The heart association’s guidelines are intended to reflect the best available evidence on nutrition and cardiovascular health outcomes, whereas federal nutrition standards inform the content of federally funded meals served in schools, hospitals and military dining facilities, and help determine foods included under assistance plans like the Supplemental Nutrition Assistance Program.
The two sets of guidelines aren’t totally at odds.

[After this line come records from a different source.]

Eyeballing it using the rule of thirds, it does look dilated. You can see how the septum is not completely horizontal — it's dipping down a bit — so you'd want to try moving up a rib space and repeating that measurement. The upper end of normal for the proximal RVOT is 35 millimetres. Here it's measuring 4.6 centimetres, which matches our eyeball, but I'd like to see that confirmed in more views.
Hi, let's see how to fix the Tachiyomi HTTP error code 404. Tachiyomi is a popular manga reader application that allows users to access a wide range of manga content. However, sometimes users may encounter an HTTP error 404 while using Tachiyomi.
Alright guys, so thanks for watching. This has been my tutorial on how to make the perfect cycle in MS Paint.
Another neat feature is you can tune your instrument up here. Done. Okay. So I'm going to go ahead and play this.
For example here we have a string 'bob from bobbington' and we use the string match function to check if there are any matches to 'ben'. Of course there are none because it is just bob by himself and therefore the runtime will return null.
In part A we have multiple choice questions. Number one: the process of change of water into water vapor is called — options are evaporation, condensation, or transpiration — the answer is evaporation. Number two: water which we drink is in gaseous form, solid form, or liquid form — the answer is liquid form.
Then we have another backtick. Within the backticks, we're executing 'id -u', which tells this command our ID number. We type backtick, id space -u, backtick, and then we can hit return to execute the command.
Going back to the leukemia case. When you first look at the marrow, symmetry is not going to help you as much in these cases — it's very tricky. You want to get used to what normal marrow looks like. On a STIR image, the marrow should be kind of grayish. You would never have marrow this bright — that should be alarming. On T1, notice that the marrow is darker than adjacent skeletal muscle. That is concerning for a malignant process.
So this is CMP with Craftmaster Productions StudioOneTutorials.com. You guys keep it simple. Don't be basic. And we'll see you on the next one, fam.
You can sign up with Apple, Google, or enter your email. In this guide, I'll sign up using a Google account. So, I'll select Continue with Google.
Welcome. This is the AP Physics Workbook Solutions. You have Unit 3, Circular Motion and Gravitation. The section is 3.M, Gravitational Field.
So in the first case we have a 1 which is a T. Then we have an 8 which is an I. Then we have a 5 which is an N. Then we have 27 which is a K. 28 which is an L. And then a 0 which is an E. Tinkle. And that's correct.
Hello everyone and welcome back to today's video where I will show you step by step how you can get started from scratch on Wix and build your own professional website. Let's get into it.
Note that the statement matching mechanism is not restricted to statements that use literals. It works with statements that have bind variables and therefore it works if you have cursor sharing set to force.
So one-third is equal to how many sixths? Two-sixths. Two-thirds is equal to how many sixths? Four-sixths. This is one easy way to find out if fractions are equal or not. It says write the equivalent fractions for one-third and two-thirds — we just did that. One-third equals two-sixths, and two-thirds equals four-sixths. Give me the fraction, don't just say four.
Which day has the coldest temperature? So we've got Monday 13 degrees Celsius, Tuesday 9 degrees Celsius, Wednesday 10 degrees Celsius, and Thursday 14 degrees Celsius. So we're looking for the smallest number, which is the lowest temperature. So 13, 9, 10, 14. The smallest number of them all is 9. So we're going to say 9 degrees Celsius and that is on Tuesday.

The heart association applauded the government’s warnings against added sugars, refined grains and processed foods in January, noting that the advice aligns with the organization’s long-standing recommendations.
“Those of us in the field have been pushing for food-based dietary recommendations, like advocating people eat actual foods instead of [processed] food products,” Liu said, but “the focus on animal product consumption is a bit off the mark.”
The administration’s hearty endorsement of animal protein sources surprised many health groups, as a diet rich in red meat is strongly associated with poorer cardiovascular health.
A supplemental report published alongside the federal guidelines noted that several members of the government’s advisory panel had financial ties to meat and dairy industry groups, including the National Cattlemen’s Beef Assn., the National Pork Board and the California Dairy Research Foundation.
The heart association’s guidelines better reflect the current scientific consensus on the relationship between food and cardiovascular health, said a spokesperson for the nonprofit Center for Science in the Public Interest, and “will be a valuable resource for anyone who was confused by the mixed messages” in the government’s earlier advice.